* _Your instructions_
Please output exactly the lines from the one containing "Image of 2 bedroom" through the end of the records below, leaving out any pictures.

Collection entries
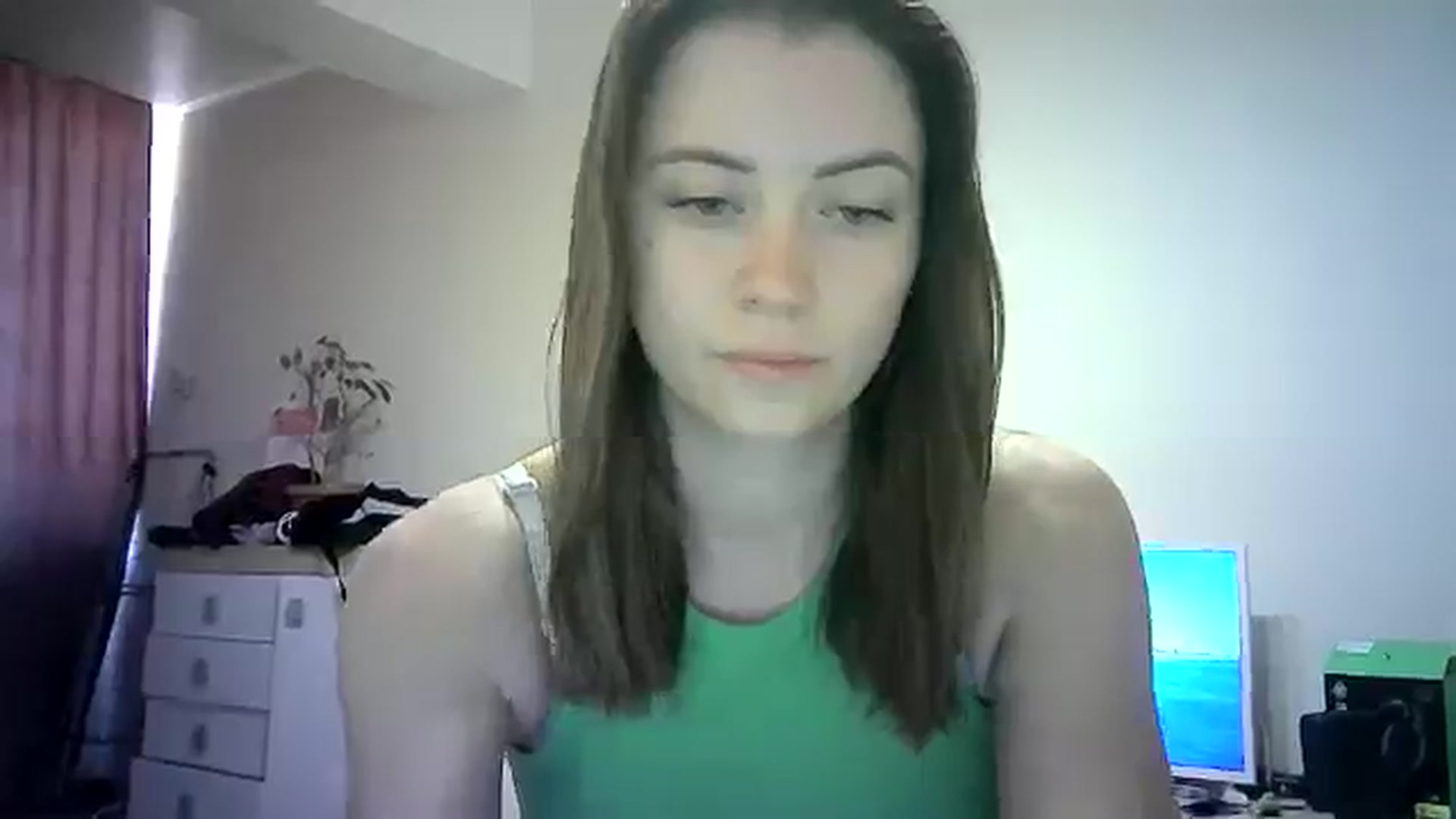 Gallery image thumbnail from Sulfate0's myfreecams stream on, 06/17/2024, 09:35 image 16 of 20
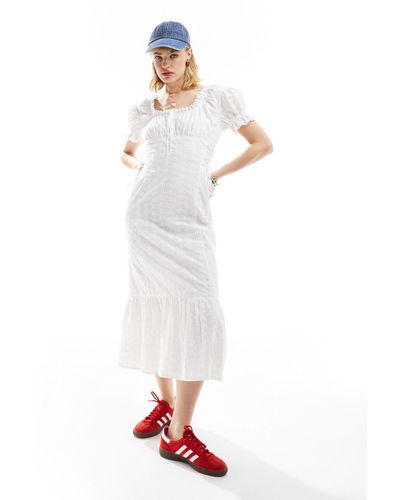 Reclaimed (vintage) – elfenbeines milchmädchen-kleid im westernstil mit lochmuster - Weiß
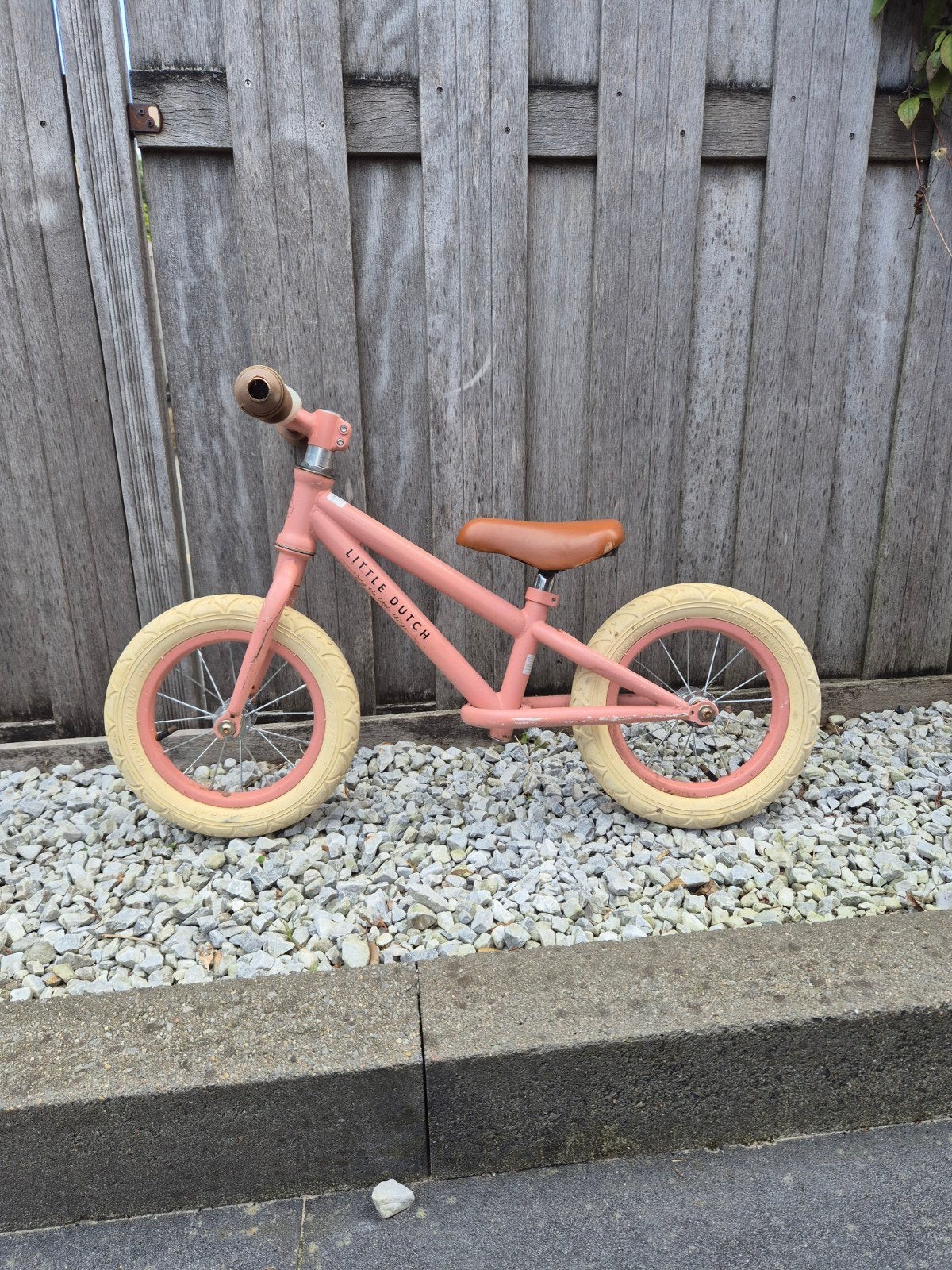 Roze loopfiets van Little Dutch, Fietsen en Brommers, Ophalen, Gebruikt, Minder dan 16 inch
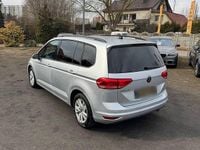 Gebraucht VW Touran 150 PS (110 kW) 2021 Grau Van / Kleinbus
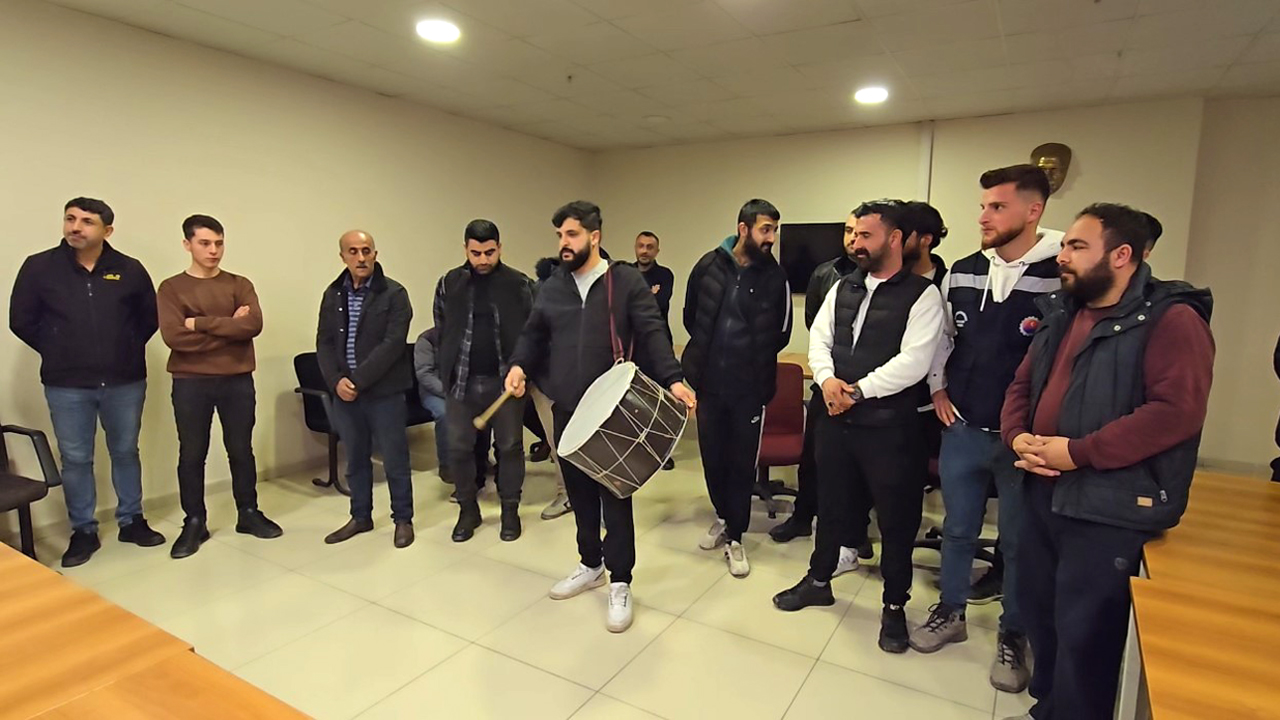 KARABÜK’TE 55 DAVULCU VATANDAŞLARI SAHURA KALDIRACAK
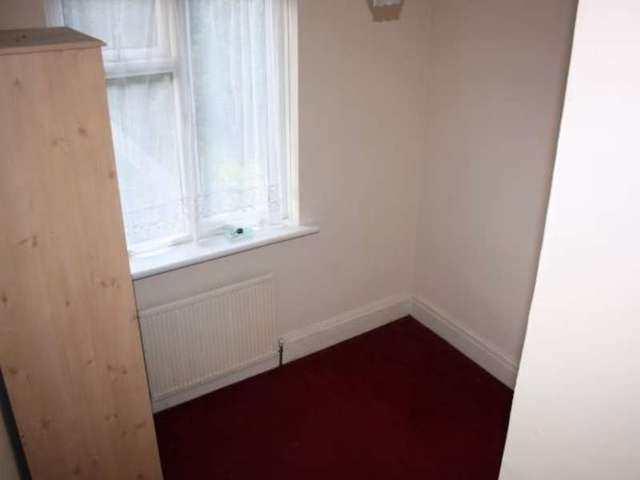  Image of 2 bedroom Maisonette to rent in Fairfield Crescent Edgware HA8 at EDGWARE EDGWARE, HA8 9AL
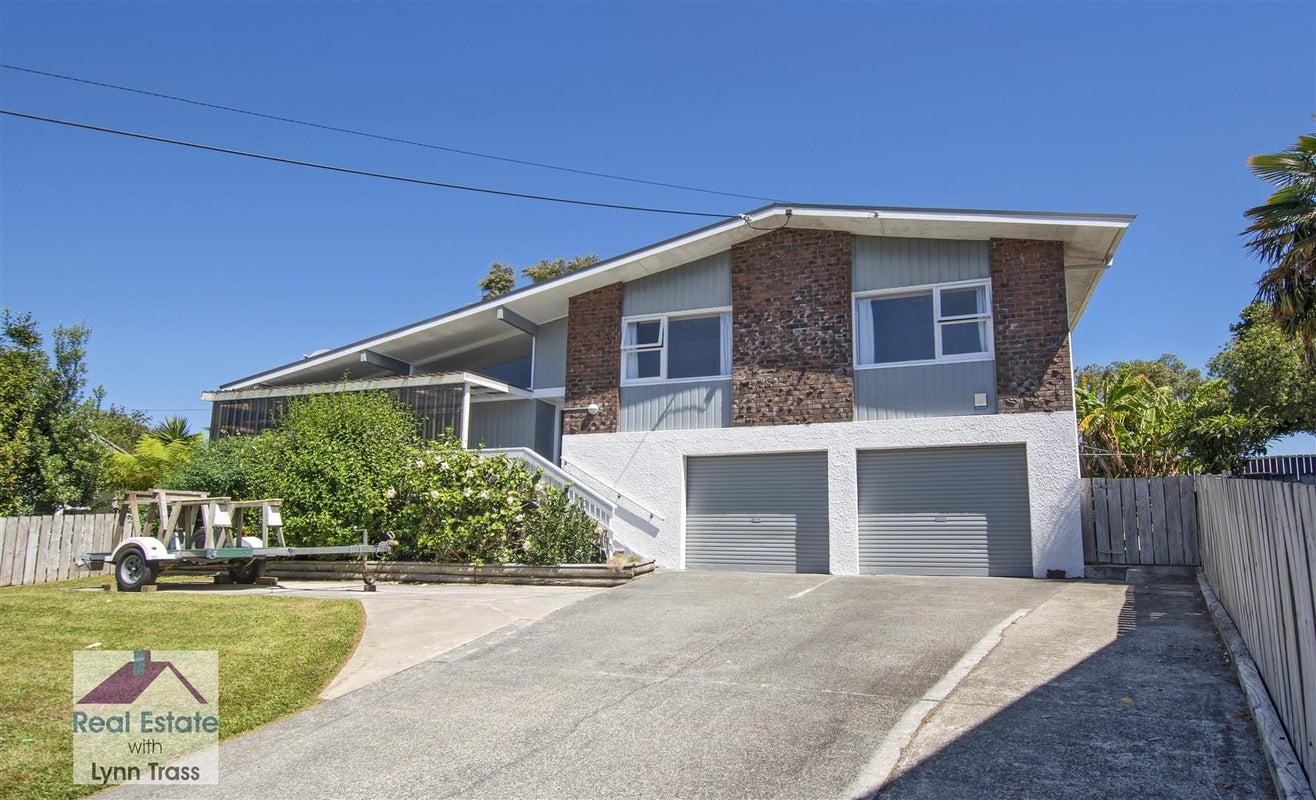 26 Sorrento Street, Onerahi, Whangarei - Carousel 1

* _Exercise output_
  Image of 2 bedroom Maisonette to rent in Fairfield Crescent Edgware HA8 at EDGWARE EDGWARE, HA8 9AL
 26 Sorrento Street, Onerahi, Whangarei - Carousel 1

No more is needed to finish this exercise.